Let's do this in a new bug please.
(In reply to ganooslashlinus from comment #9) See the discussion in the attached IRC log. We are aware that there are different opinions about the three licenses mentioned there. For the Artistic license, we choose to follow the opinion of the OSI and Debian. The rationale given by the FSF is only that "it is too vague". They don't pinpoint any clause that they would explicitly consider non-free, and they confirmed that "The problems are matters of wording, not substance." [1] (At the same time, the FSF recommends usage of the Artistic license for Perl packages, as part of the Perl license disjunction.) [1] https://web.archive.org/web/20070705024717/http://www.gnu.org/licenses/license-list.html#ArtisticLicense
>Sam James Let's do this in a new bug please. https://bugs.gentoo.org/show_bug.cgi?id=920754 >Ulrich Müller >See the discussion in the attached IRC log.
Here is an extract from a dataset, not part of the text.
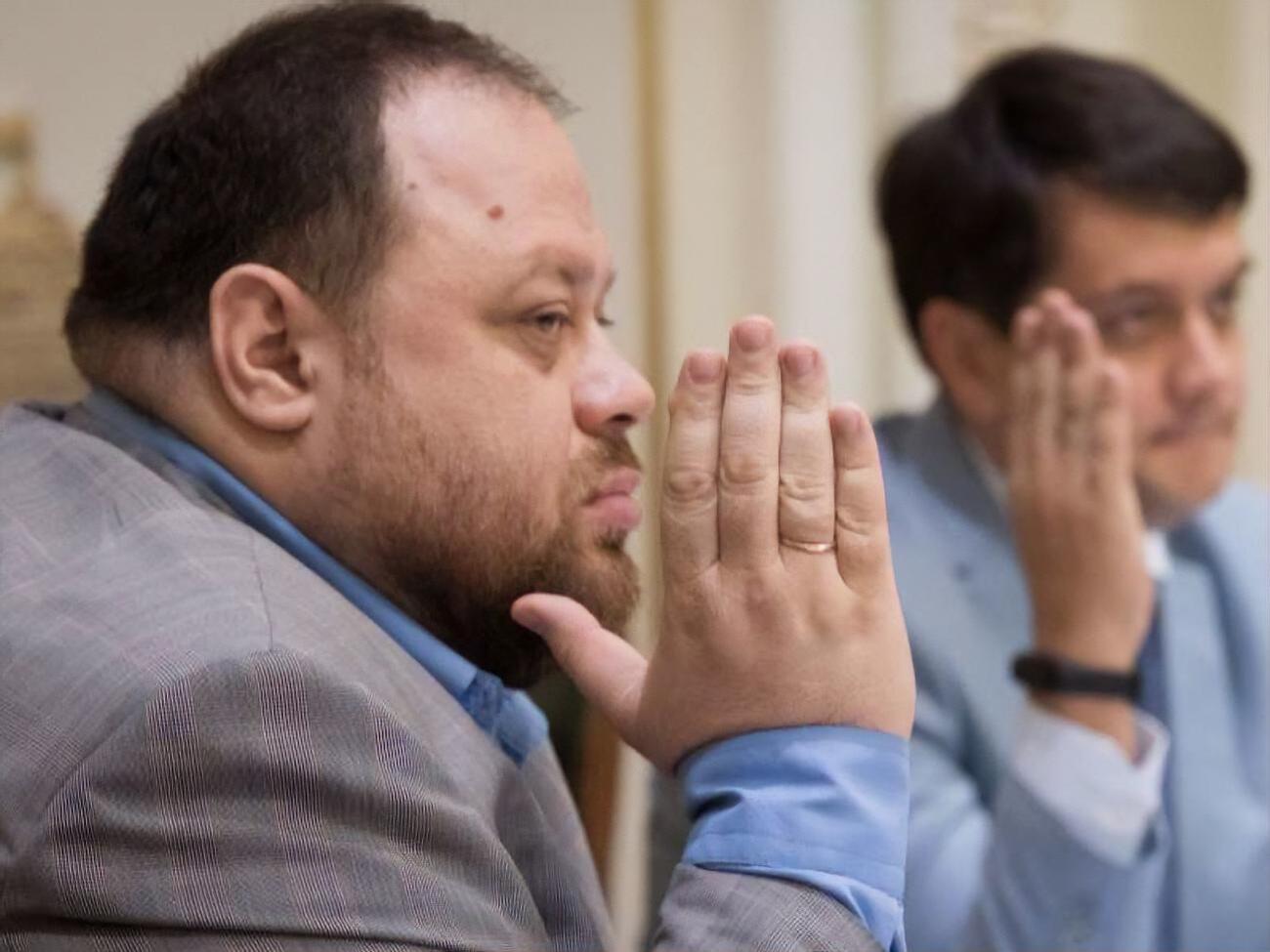 Підготовча група затвердила схему розміщення народних депутатів у сесійній залі. Інфографіка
Thanks, I missed that, but the linked discussion seems to be about Watcom and NOSA and there doesn't seem to be any discussion about the freeness of Artistic. >For the Artistic license, we choose to follow the opinion of the OSI and Debian. In my opinion, when it comes to freedom, the OSI isn't trustworthy at all and Debian isn't anymore. >The rationale given by the FSF is only that "it is too vague". They don't pinpoint any clause that they would explicitly consider non-free, and they confirmed that "The problems are matters of wording, not substance." [1] Unfortunately, wording alone can make a license nonfree. I pinpointed a clause that I consider nonfree and I would like to be informed if I'm incorrect. >(At the same time, the FSF recommends usage of the Artistic license for Perl packages, as part of the Perl license disjunction.) I believe the FSF's recommendation is only to license under the GPLv{1,2,3} - they don't care if you also license under proprietary terms, as long as everyone can go with the GPLv{1,2,3} instead.
(In reply to ganooslashlinus from comment #12) > I pinpointed a clause that I consider nonfree and I would like to be > informed if I'm incorrect. I fear that nobody from the licenses team can give you a definite answer to this. (I certainly won't because IANAL.)